Material for the task
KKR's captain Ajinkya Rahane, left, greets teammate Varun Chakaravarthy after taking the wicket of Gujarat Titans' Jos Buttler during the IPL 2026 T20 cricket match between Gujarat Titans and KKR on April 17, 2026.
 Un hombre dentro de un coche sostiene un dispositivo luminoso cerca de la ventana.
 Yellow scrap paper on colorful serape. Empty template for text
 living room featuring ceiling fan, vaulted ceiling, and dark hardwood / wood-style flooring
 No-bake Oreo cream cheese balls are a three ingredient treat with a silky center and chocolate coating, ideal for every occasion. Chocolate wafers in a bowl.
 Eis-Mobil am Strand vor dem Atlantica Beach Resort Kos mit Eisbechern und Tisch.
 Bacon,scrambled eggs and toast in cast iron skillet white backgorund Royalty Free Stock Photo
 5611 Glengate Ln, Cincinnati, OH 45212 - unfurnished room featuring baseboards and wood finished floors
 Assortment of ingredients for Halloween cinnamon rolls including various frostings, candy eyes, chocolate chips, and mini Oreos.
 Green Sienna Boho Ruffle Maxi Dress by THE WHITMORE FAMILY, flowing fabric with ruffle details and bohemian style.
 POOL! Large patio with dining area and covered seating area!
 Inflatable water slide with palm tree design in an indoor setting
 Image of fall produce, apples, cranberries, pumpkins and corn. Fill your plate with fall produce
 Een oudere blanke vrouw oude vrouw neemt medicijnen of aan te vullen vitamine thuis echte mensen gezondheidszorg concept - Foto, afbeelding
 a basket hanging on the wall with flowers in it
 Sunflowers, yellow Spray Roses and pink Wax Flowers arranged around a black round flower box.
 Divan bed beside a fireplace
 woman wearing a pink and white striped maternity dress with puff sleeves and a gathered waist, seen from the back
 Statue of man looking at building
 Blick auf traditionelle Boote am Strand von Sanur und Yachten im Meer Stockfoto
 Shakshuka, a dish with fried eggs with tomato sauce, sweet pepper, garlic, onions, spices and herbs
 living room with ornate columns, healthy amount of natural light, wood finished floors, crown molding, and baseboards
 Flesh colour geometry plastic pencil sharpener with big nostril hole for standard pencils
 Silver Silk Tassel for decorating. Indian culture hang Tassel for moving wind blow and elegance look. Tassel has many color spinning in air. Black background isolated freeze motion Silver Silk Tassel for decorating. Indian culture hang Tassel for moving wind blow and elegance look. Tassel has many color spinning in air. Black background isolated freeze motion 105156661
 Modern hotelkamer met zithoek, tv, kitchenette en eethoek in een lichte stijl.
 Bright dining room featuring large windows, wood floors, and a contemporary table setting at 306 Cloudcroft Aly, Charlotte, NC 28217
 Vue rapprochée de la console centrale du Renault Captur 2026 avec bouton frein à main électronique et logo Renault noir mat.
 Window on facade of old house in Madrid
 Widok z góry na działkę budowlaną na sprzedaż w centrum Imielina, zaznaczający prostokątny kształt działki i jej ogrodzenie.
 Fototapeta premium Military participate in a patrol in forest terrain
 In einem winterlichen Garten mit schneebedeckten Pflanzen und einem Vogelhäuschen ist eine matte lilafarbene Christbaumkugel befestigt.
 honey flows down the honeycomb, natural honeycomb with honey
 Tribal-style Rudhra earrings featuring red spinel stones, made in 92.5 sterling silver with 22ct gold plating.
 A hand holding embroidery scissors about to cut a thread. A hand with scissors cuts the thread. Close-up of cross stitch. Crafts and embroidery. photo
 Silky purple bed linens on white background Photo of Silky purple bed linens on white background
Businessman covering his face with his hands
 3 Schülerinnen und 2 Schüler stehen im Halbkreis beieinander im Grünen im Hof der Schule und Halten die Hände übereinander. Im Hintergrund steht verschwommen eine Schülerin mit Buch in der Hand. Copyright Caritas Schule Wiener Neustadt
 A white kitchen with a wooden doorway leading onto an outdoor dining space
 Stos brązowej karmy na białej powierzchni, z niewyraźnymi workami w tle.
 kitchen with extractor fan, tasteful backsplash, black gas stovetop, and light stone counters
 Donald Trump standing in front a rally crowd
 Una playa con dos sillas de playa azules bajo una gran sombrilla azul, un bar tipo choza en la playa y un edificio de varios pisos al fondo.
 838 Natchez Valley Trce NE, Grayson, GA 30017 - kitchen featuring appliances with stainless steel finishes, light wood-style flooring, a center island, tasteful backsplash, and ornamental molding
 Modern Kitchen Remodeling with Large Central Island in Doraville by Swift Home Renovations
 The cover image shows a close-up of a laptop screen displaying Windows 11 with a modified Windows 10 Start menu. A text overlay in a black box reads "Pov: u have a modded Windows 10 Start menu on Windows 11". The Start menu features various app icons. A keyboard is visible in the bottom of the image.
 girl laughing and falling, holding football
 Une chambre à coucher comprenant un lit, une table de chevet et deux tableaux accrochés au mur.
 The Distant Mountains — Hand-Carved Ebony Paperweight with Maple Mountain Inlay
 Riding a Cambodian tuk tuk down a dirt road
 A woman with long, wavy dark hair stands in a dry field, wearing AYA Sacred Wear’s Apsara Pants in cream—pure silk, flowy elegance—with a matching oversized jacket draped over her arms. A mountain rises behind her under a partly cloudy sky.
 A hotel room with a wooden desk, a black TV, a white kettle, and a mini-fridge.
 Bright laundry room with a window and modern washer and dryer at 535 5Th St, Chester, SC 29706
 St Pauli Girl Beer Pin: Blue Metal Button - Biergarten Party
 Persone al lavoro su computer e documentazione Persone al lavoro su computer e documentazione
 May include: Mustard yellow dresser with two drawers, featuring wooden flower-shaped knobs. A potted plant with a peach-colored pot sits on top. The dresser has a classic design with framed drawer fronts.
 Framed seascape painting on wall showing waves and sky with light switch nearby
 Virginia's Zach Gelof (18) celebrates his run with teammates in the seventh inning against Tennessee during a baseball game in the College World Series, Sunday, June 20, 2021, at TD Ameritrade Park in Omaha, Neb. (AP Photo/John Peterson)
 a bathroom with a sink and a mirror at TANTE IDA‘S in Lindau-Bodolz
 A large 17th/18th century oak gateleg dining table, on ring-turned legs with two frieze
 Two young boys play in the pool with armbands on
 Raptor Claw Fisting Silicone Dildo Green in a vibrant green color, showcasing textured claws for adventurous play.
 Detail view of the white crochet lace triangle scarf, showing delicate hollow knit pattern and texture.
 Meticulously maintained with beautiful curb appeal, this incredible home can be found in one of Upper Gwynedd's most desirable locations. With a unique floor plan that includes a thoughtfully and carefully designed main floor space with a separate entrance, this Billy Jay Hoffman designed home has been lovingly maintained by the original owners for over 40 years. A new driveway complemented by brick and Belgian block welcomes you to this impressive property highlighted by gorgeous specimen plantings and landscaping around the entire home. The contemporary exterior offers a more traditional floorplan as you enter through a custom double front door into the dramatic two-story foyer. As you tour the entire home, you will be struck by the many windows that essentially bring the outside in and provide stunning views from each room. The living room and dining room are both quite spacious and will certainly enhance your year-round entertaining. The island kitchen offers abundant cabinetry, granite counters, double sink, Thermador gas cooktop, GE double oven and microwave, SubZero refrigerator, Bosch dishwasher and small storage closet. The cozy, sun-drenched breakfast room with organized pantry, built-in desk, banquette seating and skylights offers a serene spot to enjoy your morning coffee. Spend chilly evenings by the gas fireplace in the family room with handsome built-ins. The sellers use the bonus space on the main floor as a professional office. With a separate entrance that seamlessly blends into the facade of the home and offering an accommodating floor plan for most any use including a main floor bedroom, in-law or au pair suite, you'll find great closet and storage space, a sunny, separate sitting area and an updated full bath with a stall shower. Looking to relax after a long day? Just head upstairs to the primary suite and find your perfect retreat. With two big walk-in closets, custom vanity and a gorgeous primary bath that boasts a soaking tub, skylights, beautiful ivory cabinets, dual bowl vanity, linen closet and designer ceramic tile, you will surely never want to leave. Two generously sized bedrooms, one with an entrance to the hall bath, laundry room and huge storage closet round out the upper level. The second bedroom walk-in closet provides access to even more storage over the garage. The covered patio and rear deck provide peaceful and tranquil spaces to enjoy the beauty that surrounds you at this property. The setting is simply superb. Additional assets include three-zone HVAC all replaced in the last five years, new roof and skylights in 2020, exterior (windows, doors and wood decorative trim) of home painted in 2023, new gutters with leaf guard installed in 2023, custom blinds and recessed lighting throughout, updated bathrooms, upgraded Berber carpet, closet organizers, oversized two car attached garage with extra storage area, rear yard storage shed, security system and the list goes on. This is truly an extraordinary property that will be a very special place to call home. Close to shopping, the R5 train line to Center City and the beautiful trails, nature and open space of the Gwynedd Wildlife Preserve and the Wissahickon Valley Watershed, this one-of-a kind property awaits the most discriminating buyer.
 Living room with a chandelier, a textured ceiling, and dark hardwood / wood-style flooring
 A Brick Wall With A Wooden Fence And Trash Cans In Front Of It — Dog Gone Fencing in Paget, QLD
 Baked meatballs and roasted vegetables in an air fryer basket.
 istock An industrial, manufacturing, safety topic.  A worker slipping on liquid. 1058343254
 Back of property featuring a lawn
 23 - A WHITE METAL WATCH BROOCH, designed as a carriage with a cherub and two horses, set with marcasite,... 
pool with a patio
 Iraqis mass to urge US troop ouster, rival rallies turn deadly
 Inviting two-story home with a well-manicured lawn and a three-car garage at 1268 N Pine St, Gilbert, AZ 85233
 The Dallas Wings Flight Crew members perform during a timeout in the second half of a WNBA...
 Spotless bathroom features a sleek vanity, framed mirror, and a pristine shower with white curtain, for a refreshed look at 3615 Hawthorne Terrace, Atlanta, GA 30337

Problem details
Scan the records for lines with the string "chocolate". Give the number of such lines and nothing else.

Response to this exercise
2